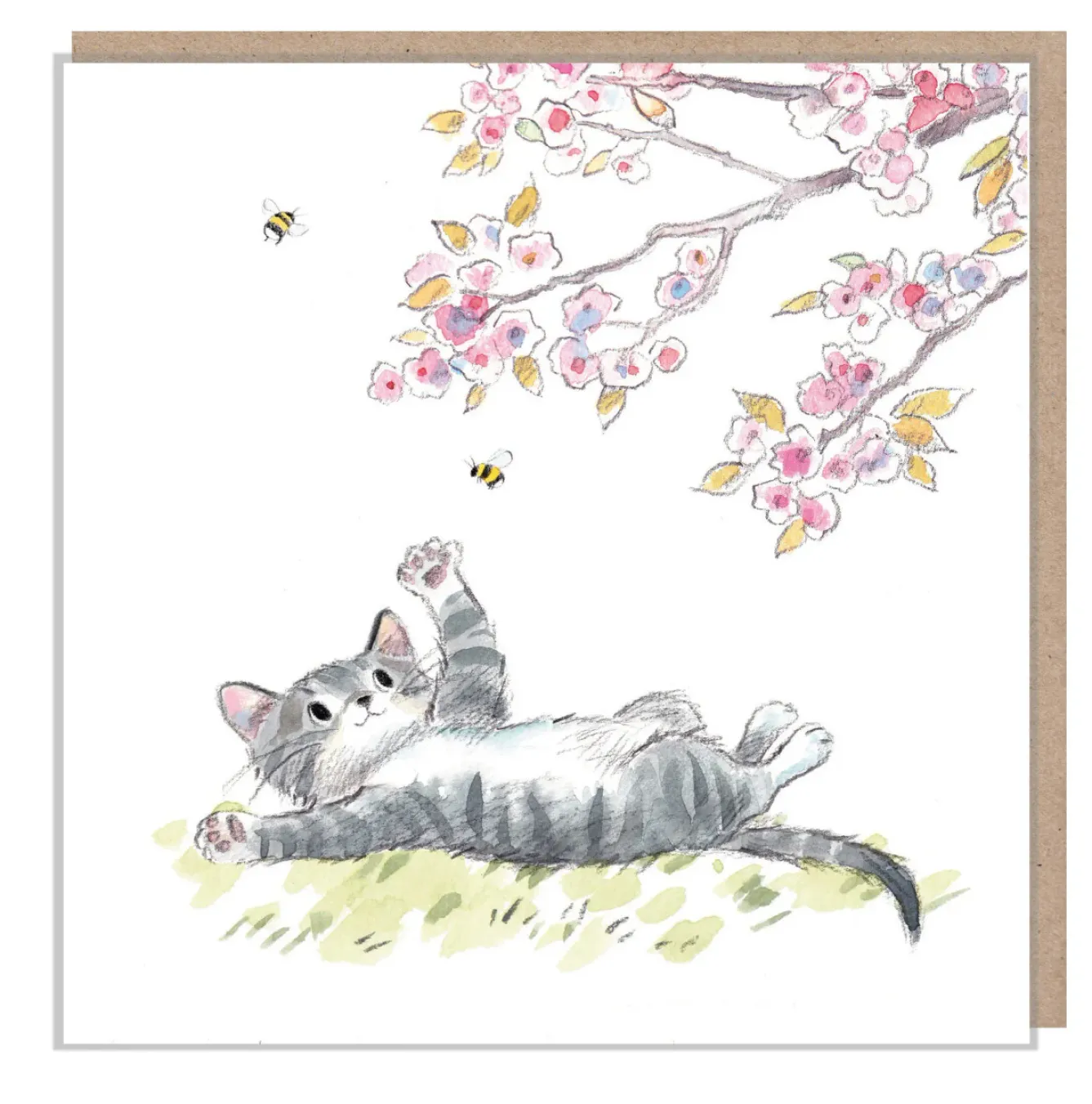 Paper Shed Design Greeting Cards-Cat Under Blossom Tree Greetings Card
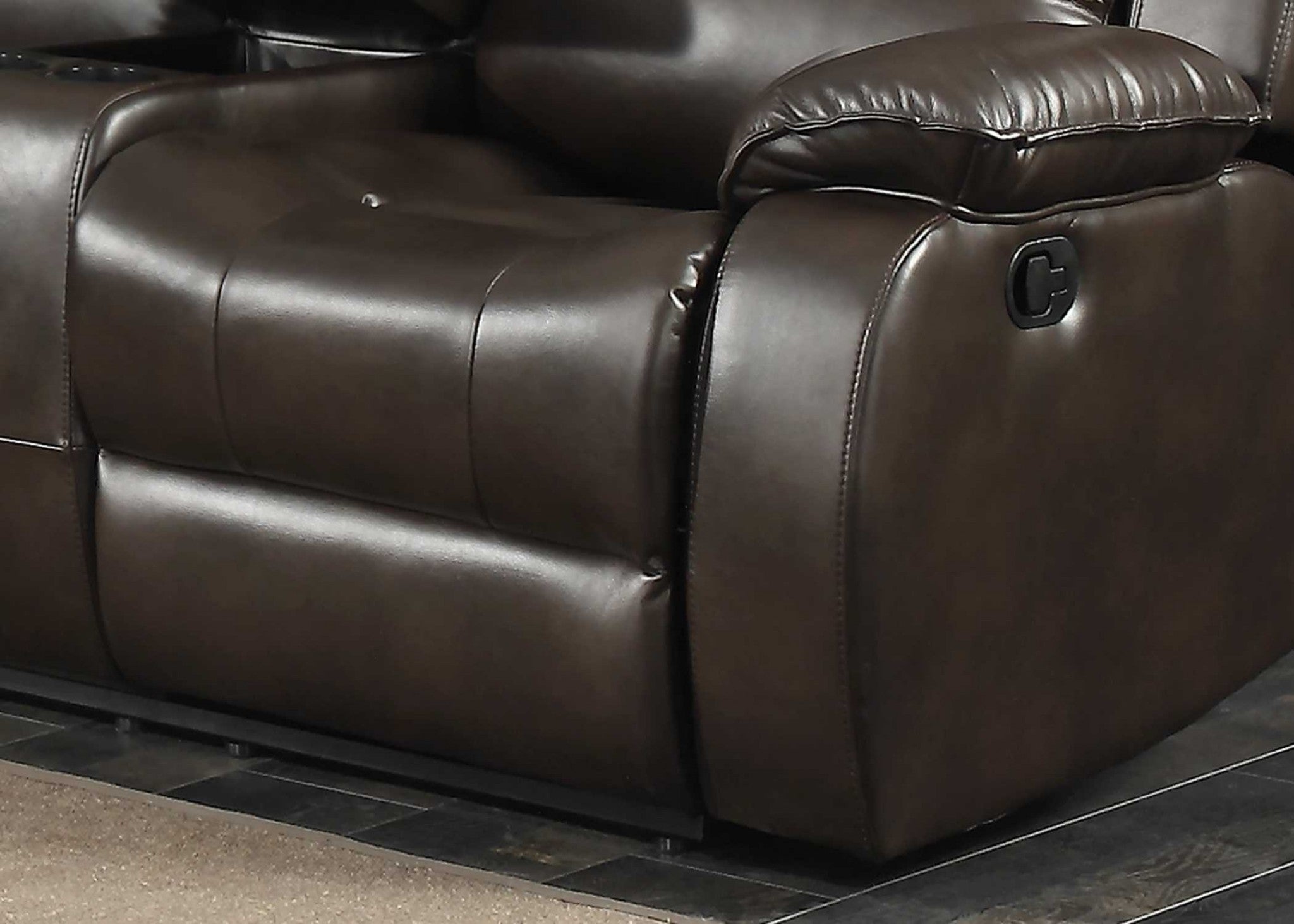 Dark Brown Leather Gel Reclining Loveseat with Storage Console and Cup Holders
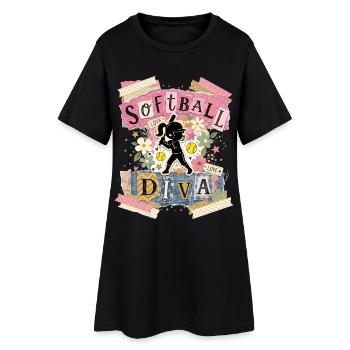Diva du softball de texte de collage fille - Robe T-shirt Femme - noir - Devant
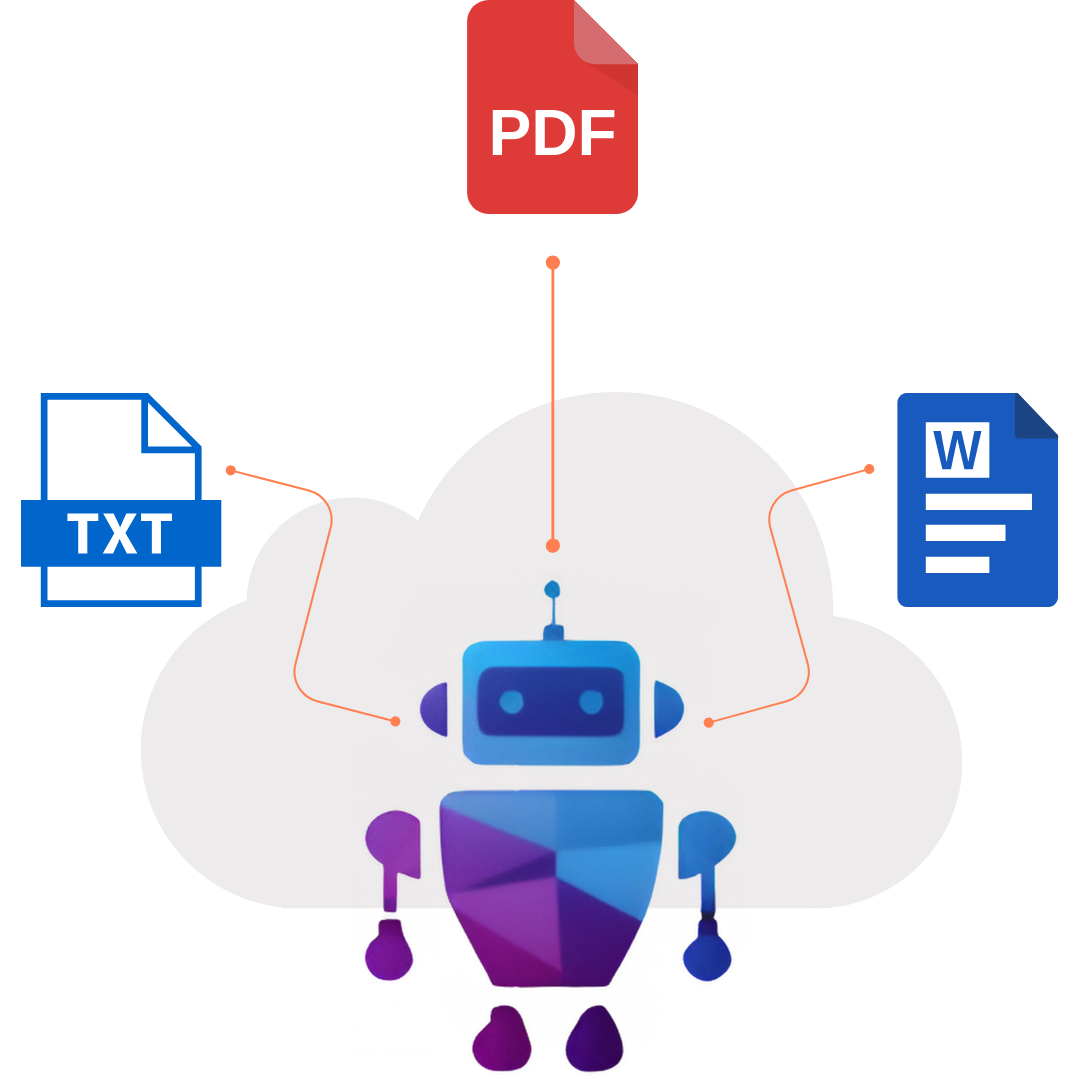 Illustration of a digital assistant surrounded by floating documents and knowledge icons, representing AI learning from a custom knowledge base.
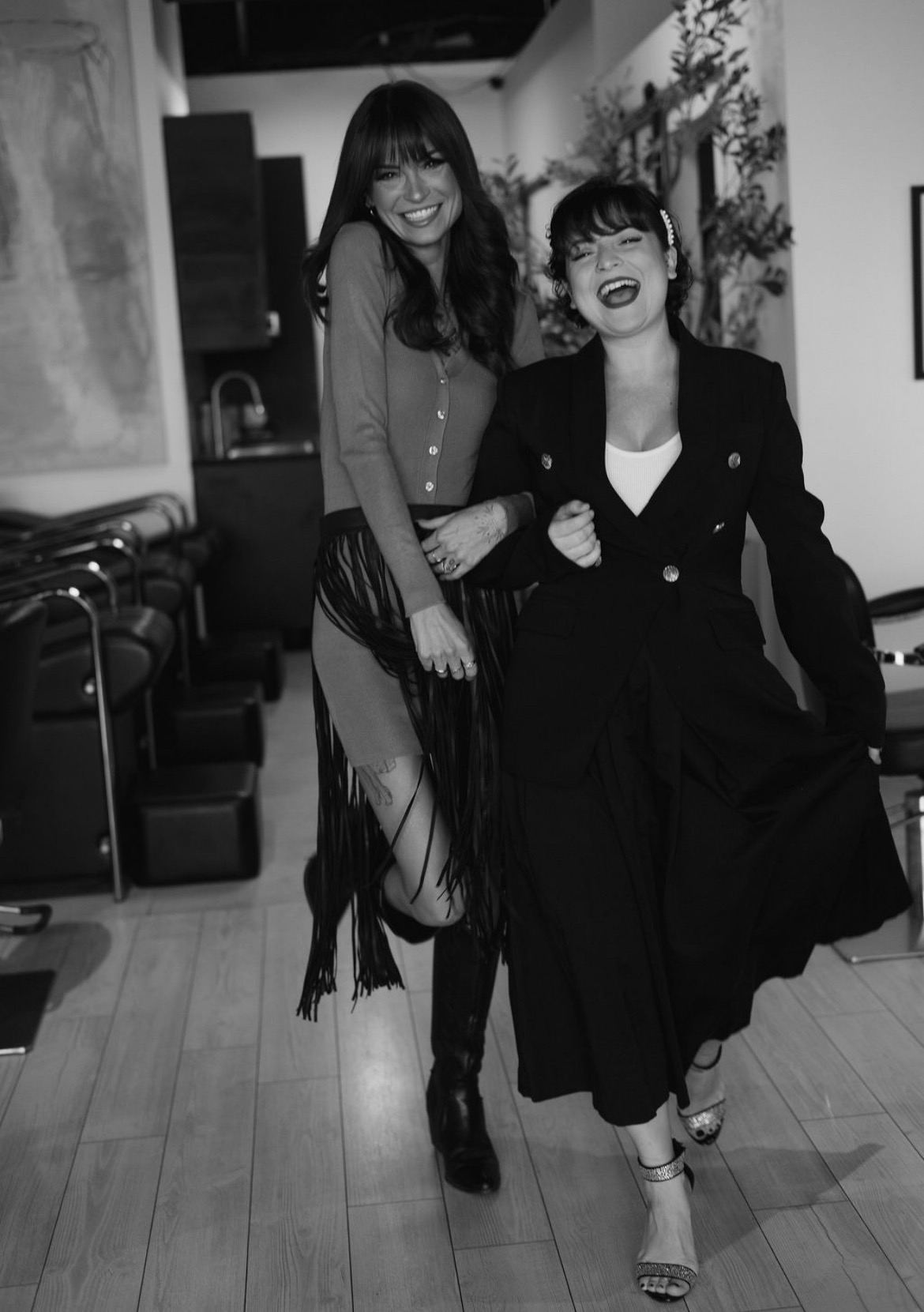 Christina and Koleen together in the studio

******************************

Your goal => Without the pictures, write out the entire listing exactly.

Answer to this task =>
 Paper Shed Design Greeting Cards-Cat Under Blossom Tree Greetings Card
 Dark Brown Leather Gel Reclining Loveseat with Storage Console and Cup Holders
Diva du softball de texte de collage fille - Robe T-shirt Femme - noir - Devant
 Illustration of a digital assistant surrounded by floating documents and knowledge icons, representing AI learning from a custom knowledge base.
 Christina and Koleen together in the studio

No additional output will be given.